Sua filha parecia ter a energia de beija-flores. Nunca parava num só lugar, sempre correndo e saltitando aqui e ali, longe de suas vistas e enchendo-a de preocupações. Catarina estava uns dois kilometros distante de casa, agachada atrás de um arbusto, observando uma gata que dera cria. Deleitava-se em observar os gatinhos tão pequeninos, de olhos fechados, mamando em sua mãe.

Eles davam pequenos miados e mal se agüentavam em pé, caindo uns sobre os outros. A gata placidamente observava seus filhotes, recolhendo um ou outro com a boca, quando se afastavam na direção errada. Ela já observara a pequena menina escondida atrás dos arbustos, com olhos brilhantes admirando os gatinhos. Ela pressentira que aquela cria de humanos não lhe causaria mal algum. Por certo farejava a bondade no coração dos homens.

O sol tinha contornos róseos no céu, e seus raios davam uma tonalidade laranjada a tudo. Os loiros cabelos da menina adquiriram aquela tonalidade também. Ela usava uma touca de algodão, com sesmarias nas bordas.
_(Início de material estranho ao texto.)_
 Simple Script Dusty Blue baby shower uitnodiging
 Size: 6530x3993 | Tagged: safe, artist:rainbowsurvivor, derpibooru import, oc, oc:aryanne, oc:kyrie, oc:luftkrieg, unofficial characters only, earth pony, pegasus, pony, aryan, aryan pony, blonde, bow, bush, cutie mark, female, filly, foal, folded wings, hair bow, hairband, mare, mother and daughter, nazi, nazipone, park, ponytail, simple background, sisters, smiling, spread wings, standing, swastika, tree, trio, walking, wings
Seus cabelos cacheados e elétricos eram cheios de pontas, que escapavam de sua touca amarrada frouxamente em seu pescoço. Seu vestido era feito de linho, áspero e resistente. Usava uma ceroula de corpo inteiro por baixo, e um grande avental por cima de seu vestido de linho.

Todas as roupas de sua família eram tecidas, tingidas e costuradas por sua mãe. Os olhos de Catarina eram de uma cor castanha clarinha, que adquiria uma tonalidade esverdeada quando ela chorava, e ficava amarelo dourado quando ela estava ao sol, como agora. Eram olhos de fada, segundo sua mãe. Catarina sentiu vontade de pegar um dos gatinhos no colo. Aproximou-se lentamente da gata amamentando seus filhotes. Ficou de joelhos sujando as pernas de sua ceroula, e esticou o bracinho para pegar um dos gatinhos.
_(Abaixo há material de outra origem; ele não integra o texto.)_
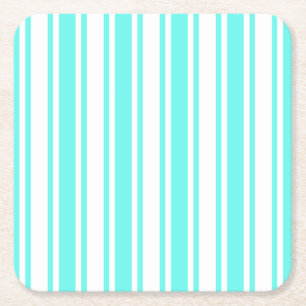 Dessous De Verre Carré Bandes de bonbons turquoise et blanche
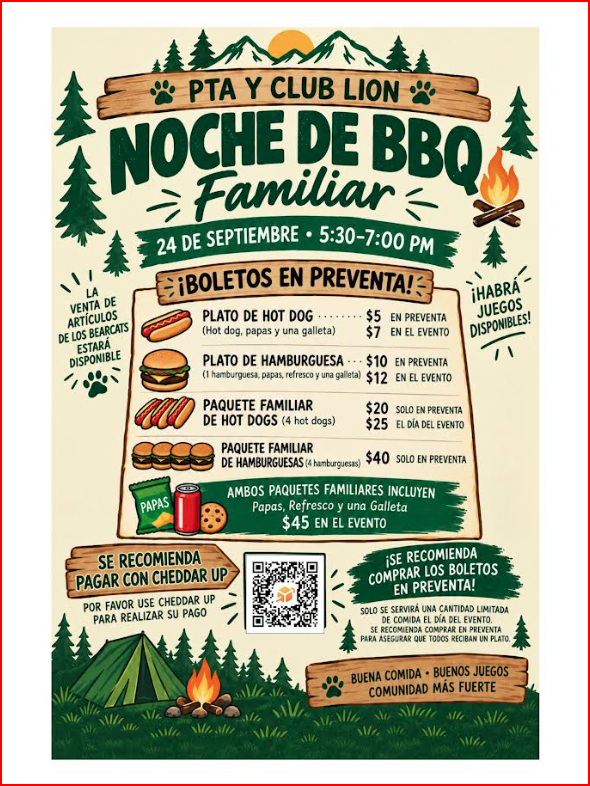A promotional flyer for a family BBQ night hosted by PTA and Club Lion on September 24th, featuring menu items and prices.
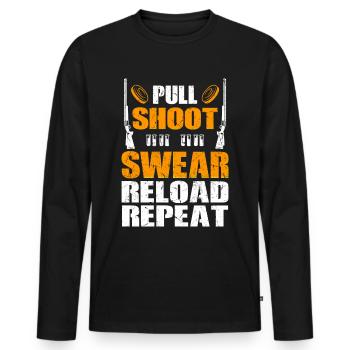 Skeets Schießen | Wurfscheibenschießen Geschenke - Männer Premium Bio Langarmshirt - Schwarz - Vorne - Nico (187cm)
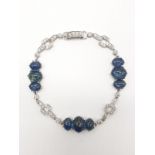 Sapphire and diamond bracelet set in 18ct white gold, weight 15.53g and 19.5cm long approx. Bigger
A gata fez um miau tão demorado, que Catarina ficou receosa. Poderia ter quase certeza que entendera o que a gata quis lhe falar. "Não mexa nos meus bebês". Já ouvira isso uma vez, de uma das comadres de sua mãe, quando esta foi visitá-la e a levou consigo. Não, ela não mexeria nos filhinhos daquelas senhoras, nem nos filhinhos desta outra "senhora" aqui. Sorriu deliciada com a cena dos filhotinhos subindo um na cabeça do outro, para ver se conseguia um lugarzinho para si. A mãe gata comprimiu os olhos e virou a cabeça sossegadamente.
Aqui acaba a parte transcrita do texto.